A multi-team catalog fails when every team technically has a warehouse and nobody knows what the warehouse means.

Warehouses need operational meaning

Lakekeeper is an open REST catalog implementation for Iceberg. In a multi-team deployment, warehouse boundaries are not only deployment details. They are ownership, storage, retention, recovery, and access boundaries.

Lakekeeper documentation ties storage configuration to warehouses. That means the warehouse design affects where table data lives, how storage profiles are validated, and how administrators reason about recovery. Treat that as architecture, not housekeeping.

Team boundaries should match data responsibility

A warehouse per team, domain, environment, or risk class can all make sense. The bad design is the one nobody can explain during an incident. If finance, product analytics, and ML feature data share a warehouse, the team needs a reason stronger than convenience.

The boundary should answer who owns the storage location, who approves lifecycle policy, which credentials touch it, what recovery objective applies, and how table cleanup is reviewed.

Core idea: a warehouse is a promise about who owns the data and how the catalog will help recover it.

The ODI pattern makes boundaries inspectable

Open Data Infrastructure does not require every team to run its own catalog. It requires boundaries that survive real operations. A shared catalog can work if warehouse ownership, namespace design, credential scope, and lifecycle policy are explicit.

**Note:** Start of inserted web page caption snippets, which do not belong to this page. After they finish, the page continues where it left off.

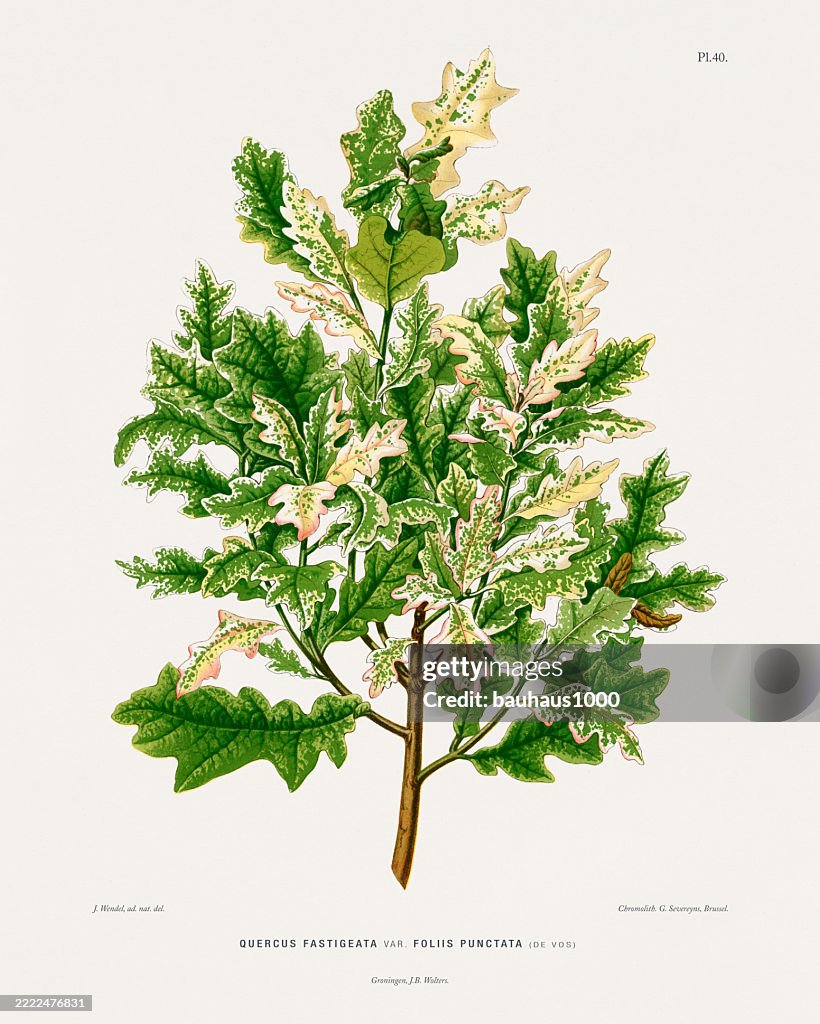 English Oak, Antique flowers and fruits chromolithograph Victorian Botanical Illustration, 1876
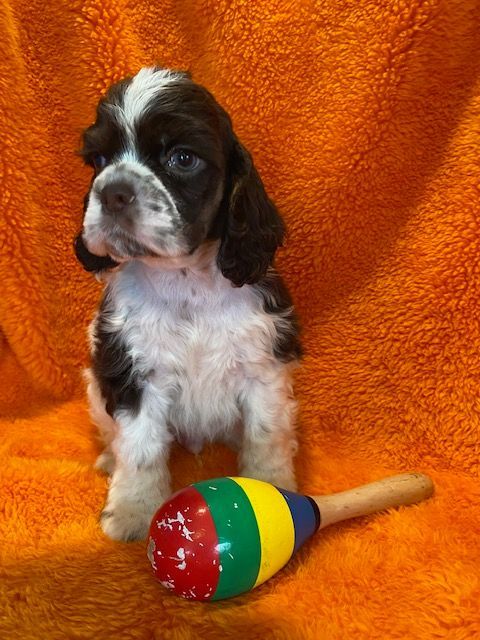 A cocker spaniel puppy is sitting next to a colorful maraca on an orange blanket.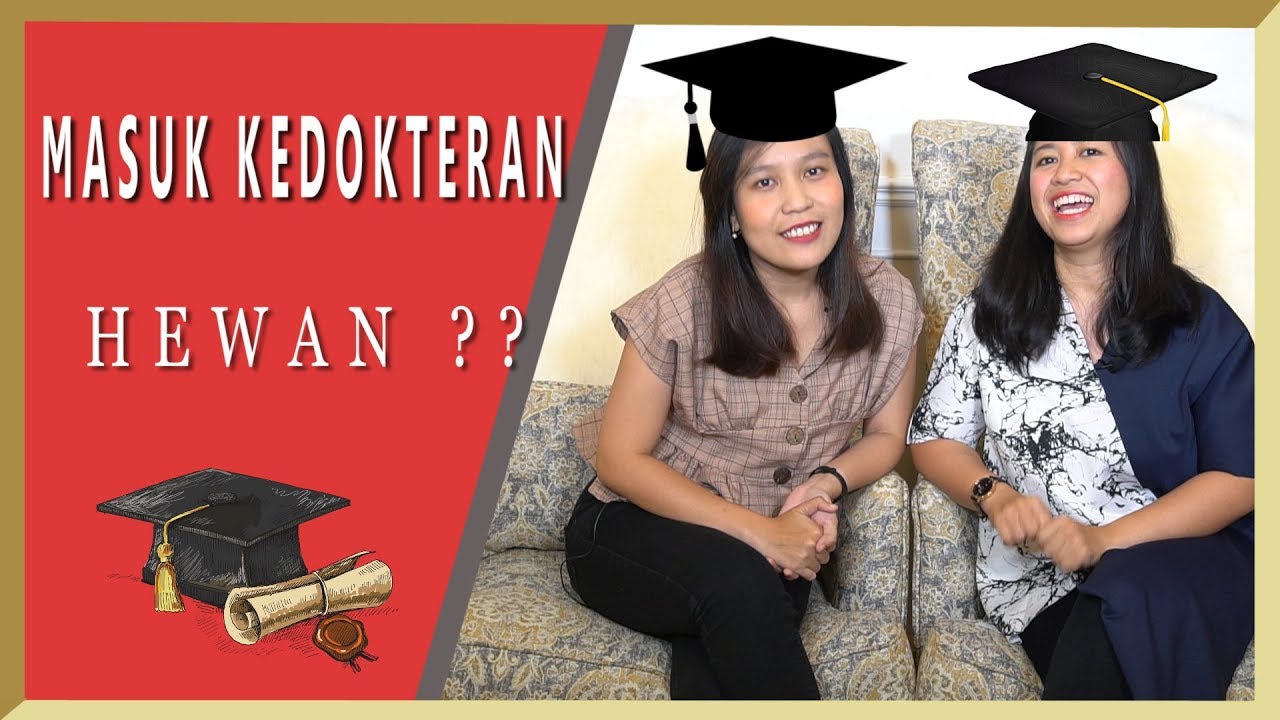 PENGALAMAN KULIAH DOKTER  HEWAN Tips jadi Dokter  Hewan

For adjacent context, read Lakekeeper namespace design, Lakekeeper expiration policy, and Lakekeeper disaster recovery drills.

What breaks first

  • Warehouse names reflect environments, but recovery ownership reflects business domains.
  • Storage profiles are configured once and then treated as permanent truth.
  • Retention policy applies to many teams without a shared review process.
  • Catalog admins can restore metadata, but product owners cannot validate the recovered boundary.

Questions to ask

Ask what each warehouse boundary means, who can change it, and which team owns the blast radius. Ask whether storage isolation, namespace design, and recovery tests tell the same story.

Sources to start with

These primary sources anchor the technical claims in this guide.

A warehouse boundary is useful only when the team can operate inside it and recover from it.